An opinion shared by Theresa May, the UK’s Prime Minister, has caused quite a stir among animal rights activists. During a recent visit to a factory in Leeds, May commented that she supported hunting with dogs, which was outlawed in 2004 under the last Labour government. Additionally, she said that she desires to bring back the “sport” of fox hunting.
“This is a situation on which individuals will have one view or the other, either pro or against,” stated the Prime Minister. “As it happens, personally I have always been in favour of fox hunting, and we maintain our commitment, we have had a commitment previously as a Conservative Party, to allow a free vote.
“It would allow Parliament the opportunity to take the decision on this,” she added.
Countryside Alliance chief executive Tim Bonner later added that the Hunting Act, which banned the use of dogs to hunt foxes and wild mammals in England, has “failed.” He said, “We will wait to see what is contained in the manifesto, but every party would agree with the premise that if you don’t like a law, campaign against it and take your views to the ballot box.”
This news follows revelations of a plot conducted by pro-fox hunting campaigners to predict a Conservative election at the general election. (Source)
The Independent reports that Chairman of the Council of Hunting Associations, Tory Lord Mancroft, is confident that the Prime Minister has enough support for “a new era for fox hunting” to be realized. He also added that a vote could be scheduled as soon as this year.
Despite the optimistic outlook of both politicians and hunters, the reality is that 84% of the public still believes the blood sport should remain illegal. Campaigners have countered this claim by stating that illegal fox hunting continues to take place regardless.

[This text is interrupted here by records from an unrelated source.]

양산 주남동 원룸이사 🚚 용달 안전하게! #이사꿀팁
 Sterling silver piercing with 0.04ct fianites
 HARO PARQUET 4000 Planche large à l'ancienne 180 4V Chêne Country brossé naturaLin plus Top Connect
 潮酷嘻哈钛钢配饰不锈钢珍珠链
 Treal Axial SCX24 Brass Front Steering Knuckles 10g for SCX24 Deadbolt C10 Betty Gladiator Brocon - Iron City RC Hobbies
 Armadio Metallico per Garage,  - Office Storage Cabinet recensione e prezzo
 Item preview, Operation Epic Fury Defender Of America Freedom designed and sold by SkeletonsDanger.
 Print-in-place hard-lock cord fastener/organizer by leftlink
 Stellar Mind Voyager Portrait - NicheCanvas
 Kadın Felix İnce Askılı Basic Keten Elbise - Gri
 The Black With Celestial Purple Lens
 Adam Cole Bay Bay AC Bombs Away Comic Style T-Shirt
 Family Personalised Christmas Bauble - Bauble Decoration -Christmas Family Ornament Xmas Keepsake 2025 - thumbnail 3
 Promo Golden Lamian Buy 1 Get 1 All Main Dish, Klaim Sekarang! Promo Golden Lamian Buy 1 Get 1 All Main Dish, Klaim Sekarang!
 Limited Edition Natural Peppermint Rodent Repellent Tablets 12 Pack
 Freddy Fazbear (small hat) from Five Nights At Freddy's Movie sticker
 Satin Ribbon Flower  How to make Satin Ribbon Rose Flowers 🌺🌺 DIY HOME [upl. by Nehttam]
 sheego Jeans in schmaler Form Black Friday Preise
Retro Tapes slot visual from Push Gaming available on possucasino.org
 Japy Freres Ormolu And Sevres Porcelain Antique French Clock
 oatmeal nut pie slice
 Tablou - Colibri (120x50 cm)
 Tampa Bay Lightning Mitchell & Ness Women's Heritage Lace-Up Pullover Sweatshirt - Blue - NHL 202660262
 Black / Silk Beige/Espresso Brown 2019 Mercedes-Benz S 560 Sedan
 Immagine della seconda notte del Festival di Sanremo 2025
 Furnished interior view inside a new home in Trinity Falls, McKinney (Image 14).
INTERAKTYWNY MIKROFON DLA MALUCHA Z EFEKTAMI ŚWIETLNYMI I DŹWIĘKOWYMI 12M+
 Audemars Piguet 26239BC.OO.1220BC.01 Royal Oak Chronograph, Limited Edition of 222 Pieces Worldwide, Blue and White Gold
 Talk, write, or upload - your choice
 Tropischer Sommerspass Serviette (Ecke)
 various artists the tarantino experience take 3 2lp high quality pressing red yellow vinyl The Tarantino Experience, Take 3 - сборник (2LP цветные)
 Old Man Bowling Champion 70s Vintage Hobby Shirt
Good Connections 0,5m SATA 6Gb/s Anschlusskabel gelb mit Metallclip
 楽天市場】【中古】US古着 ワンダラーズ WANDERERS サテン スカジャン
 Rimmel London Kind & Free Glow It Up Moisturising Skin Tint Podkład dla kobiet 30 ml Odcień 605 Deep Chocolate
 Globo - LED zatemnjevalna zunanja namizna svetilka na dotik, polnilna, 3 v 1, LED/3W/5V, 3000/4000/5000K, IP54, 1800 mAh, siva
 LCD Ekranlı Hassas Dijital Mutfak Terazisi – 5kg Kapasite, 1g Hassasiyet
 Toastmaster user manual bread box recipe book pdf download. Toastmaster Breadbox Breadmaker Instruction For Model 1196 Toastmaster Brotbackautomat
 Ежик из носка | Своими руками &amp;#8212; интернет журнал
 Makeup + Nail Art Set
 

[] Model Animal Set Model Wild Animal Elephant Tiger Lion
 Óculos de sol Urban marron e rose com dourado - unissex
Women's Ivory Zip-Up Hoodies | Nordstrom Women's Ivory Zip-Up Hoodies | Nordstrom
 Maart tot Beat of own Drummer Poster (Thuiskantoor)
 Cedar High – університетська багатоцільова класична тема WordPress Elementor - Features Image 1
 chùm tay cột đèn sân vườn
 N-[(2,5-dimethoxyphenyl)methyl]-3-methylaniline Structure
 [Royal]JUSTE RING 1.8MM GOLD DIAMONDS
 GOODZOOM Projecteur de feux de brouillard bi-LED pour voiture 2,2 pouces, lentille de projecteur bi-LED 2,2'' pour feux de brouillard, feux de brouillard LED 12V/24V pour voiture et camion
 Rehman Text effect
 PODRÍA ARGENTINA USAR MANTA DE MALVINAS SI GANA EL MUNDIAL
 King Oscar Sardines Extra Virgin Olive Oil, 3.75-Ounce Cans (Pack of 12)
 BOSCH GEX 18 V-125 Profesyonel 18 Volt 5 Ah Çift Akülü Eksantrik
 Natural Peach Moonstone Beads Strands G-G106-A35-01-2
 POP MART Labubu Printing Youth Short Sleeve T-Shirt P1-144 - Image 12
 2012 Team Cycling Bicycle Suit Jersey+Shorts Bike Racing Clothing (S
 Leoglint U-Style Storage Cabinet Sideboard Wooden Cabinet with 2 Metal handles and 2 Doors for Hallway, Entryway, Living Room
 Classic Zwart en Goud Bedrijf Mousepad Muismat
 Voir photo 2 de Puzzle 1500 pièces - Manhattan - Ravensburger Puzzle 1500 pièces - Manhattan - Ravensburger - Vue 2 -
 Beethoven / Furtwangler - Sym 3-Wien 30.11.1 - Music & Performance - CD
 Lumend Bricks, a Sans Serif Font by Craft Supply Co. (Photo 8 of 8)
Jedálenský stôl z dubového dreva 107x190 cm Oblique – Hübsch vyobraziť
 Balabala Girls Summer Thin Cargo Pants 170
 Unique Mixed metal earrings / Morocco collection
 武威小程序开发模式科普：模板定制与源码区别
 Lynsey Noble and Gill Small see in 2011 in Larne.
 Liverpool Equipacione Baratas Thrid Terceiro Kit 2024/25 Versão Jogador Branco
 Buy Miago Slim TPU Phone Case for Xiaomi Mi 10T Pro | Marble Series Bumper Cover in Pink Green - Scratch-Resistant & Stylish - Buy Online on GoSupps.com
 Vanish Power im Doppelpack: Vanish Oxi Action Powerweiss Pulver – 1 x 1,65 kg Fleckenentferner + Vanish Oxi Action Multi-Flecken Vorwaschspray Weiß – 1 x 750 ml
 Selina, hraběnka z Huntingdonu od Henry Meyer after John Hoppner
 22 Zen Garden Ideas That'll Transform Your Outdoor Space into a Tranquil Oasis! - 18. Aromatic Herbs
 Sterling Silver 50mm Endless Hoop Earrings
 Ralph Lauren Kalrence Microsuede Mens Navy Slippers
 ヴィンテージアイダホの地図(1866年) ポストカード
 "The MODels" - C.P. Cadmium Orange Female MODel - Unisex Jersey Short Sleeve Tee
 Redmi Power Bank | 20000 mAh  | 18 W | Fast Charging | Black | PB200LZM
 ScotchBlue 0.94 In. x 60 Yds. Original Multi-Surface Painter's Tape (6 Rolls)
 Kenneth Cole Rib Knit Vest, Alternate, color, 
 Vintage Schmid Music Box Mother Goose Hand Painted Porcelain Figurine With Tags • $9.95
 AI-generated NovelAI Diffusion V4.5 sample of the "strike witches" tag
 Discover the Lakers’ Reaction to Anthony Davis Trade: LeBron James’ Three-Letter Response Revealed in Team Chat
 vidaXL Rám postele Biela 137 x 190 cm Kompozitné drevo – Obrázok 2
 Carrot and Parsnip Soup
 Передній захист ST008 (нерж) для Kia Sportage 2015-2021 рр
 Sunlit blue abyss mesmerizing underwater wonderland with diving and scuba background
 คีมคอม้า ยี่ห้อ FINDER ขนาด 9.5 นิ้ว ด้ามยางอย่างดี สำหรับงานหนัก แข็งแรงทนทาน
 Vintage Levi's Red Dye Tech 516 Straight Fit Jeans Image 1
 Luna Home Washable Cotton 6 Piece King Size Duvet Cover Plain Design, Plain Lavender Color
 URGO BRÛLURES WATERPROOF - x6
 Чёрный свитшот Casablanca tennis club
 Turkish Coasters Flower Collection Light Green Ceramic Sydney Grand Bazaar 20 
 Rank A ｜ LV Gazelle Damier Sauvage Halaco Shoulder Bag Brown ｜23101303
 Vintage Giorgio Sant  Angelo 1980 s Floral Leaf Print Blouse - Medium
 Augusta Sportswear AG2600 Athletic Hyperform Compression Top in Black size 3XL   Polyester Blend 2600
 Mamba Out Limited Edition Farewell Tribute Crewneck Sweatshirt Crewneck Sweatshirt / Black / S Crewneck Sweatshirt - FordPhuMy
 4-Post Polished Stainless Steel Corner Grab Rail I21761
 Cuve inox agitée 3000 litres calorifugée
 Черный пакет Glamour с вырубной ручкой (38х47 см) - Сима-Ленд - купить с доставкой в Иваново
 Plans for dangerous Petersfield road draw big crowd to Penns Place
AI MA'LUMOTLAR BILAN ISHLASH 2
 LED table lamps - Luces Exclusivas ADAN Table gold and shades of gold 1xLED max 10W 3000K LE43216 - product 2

Sir Roger Gale, who is seeking re-election in North Thanet, disclosed that he would oppose any and all attempts to repeal the Hunting Act, should a free vote take place in the next parliament.
He also said that MP’s in the next parliament will have “more than enough to occupy” their time without considering the argument of yesterday concerning repealing the Hunting Act, therefore, should probably drop the argument. Before silencing his thoughts, he added that he “cannot see many Conservative votes” for fox hunting in marginal seats the party is targeting at the General Election.